My own boys and I walked along the river on Sunday. We wore flannel shirts. They searched for sticks, unwittingly waiting for their imagination to make those former branches entirely something else. They found deep snow to sink in while I told them not to get their feet wet. They played too close to the river for their mama comfort. They climbed those granite slabs, falling backwards sometimes, laughing while they rubbed the dirt and snow off of their hands.
Like brothers, they poked and taunted, and on occasion, my younger one was close to tears. He’s adaptable and strong though. He walks ahead of us toward himself, and he stops looking back. I admire him for that. It is important to know when to keep on walking.
This little valley of ours. It still stands as a geographical and historical oasis. In a life with so much change, there is consistency here. This place belongs to a different time scale. When the chaos comes, it brings things to a meaningful whole. Here, continuity, expectedly, unfolds horizontally and geographically. Thank god, we have the gift of unbroken spaces of wilderness as reminders.

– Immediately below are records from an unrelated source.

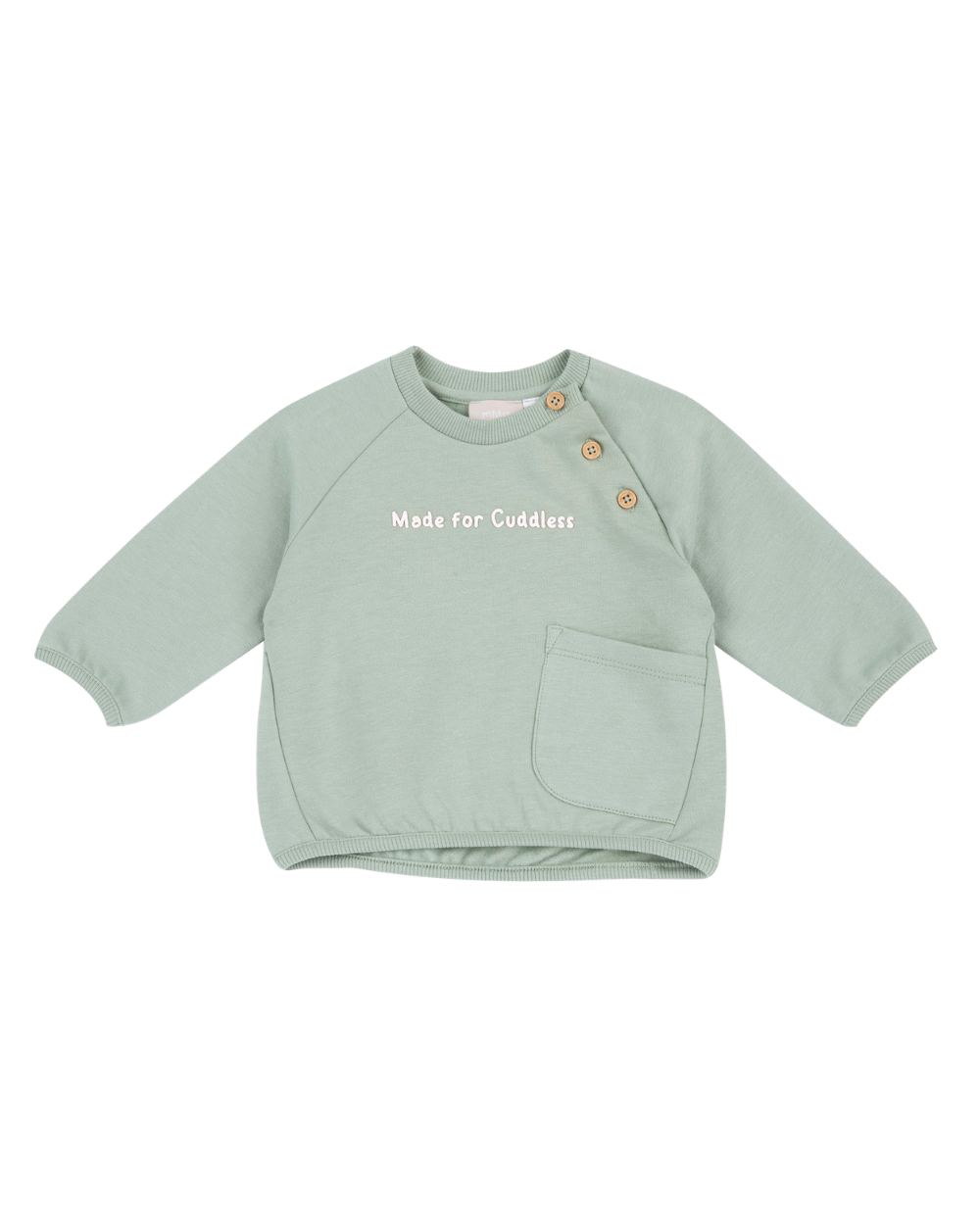 Sweatshirt Algodão Cardado com Frase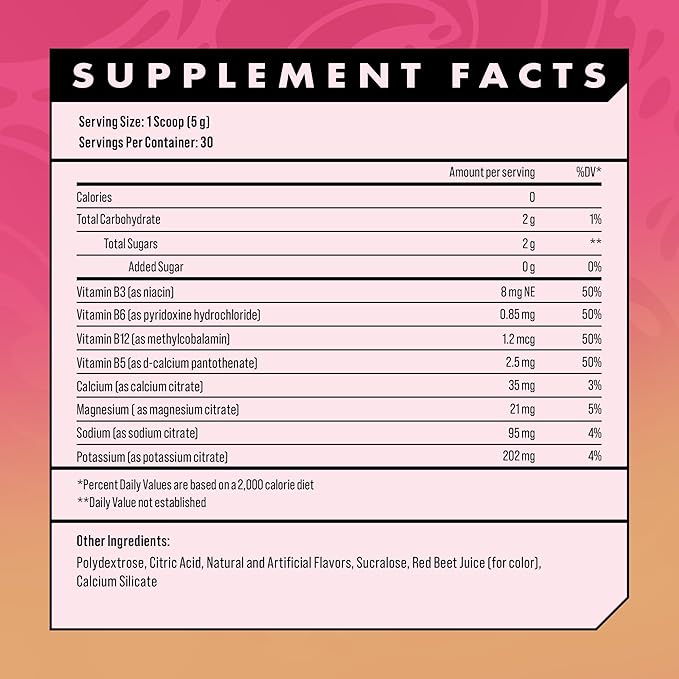 Advanced Hydration High-Performance Electrolyte Drink Mix with B Vitamins for All-Day Hydration - Caffeine Free, Zero Calories, Sugar Free, & Keto Friendly - (30 Servings, Lychee Rush)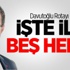Hükümetin 5 Hedefi Belli Oldu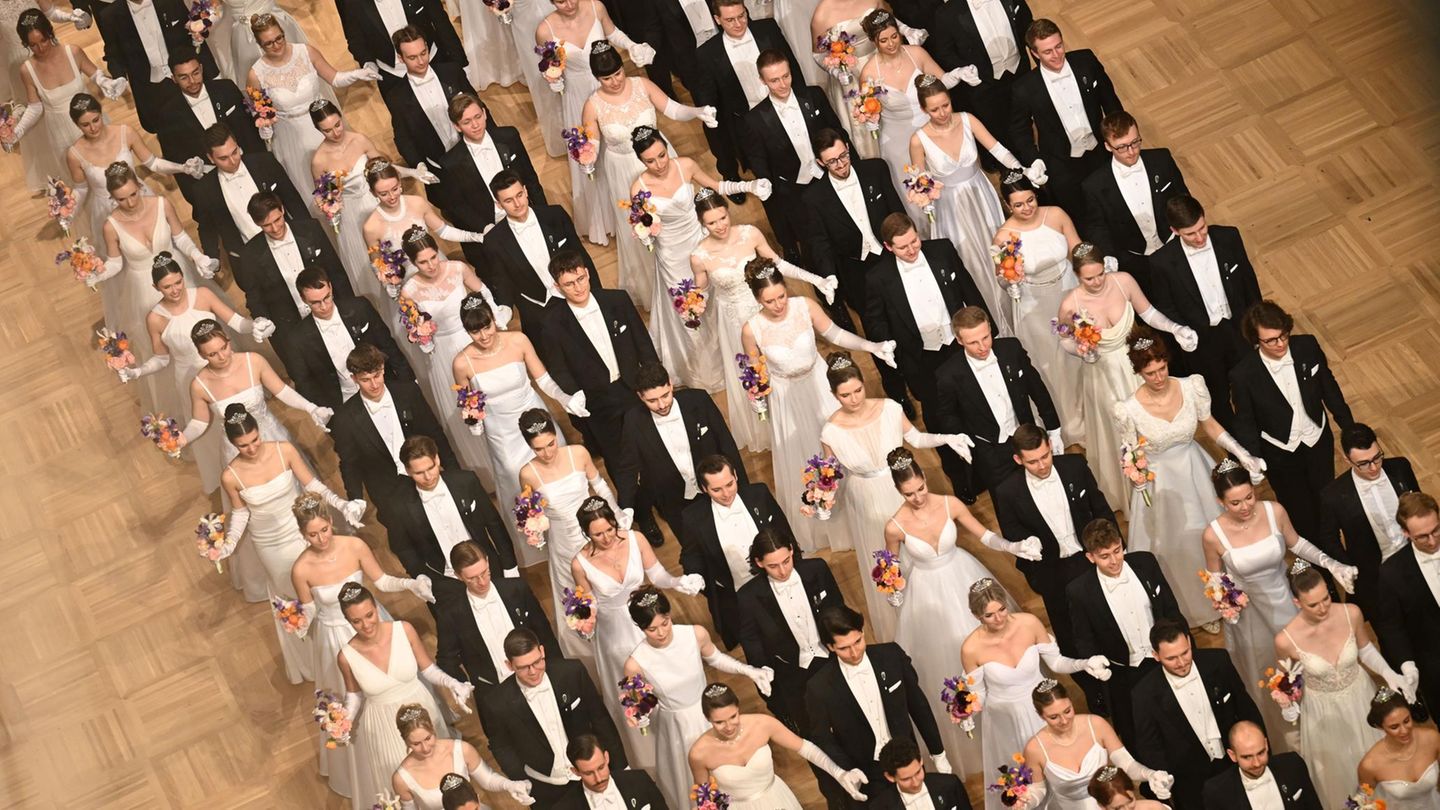 Eröffnungskomitee auf dem Wiener Opernball Eröffnungskomitee auf dem Wiener Opernball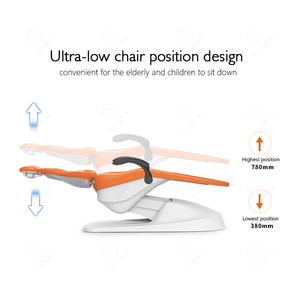 Conjunto completo de fábrica Silla de unidad dental Acero eléctrico Plástico y metal Certificación CE Silla dental LED para uso médico de dentista - Product Image 3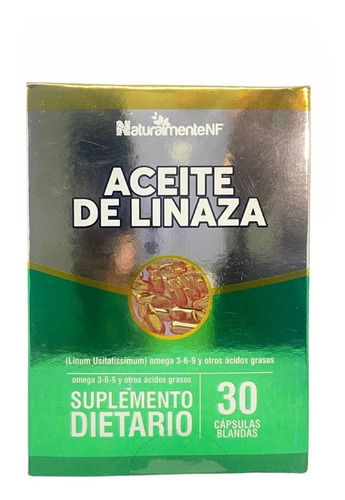 Aceite De Linaza En Cápsulas X30 - Unidad a $26800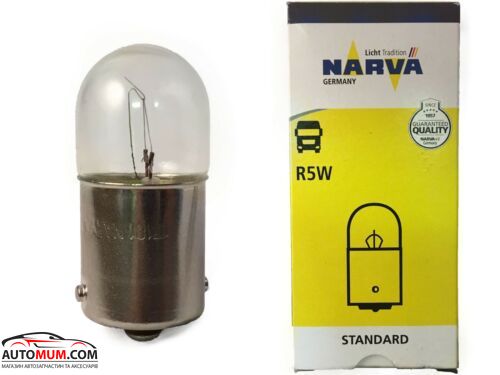 NARVA 17181 лампа накаливания R (BA15s) 24V 5W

Winter is here, my friends:
“Um, do we want it to be cold? We want the snow, desire the isolation, desolation, insulation, silence. It’s why we’re up here; it’s why everyone’s up here. Not a particularly flattering thing to admit, but we’re all on the run from something, and it makes us feel safe this isolation.” ~ Rick Bass
Slowly and deliberately, we follow the seasons. Like most things in life, winter is its own fit, and it is not for everybody. Winter covers some things and reveals others.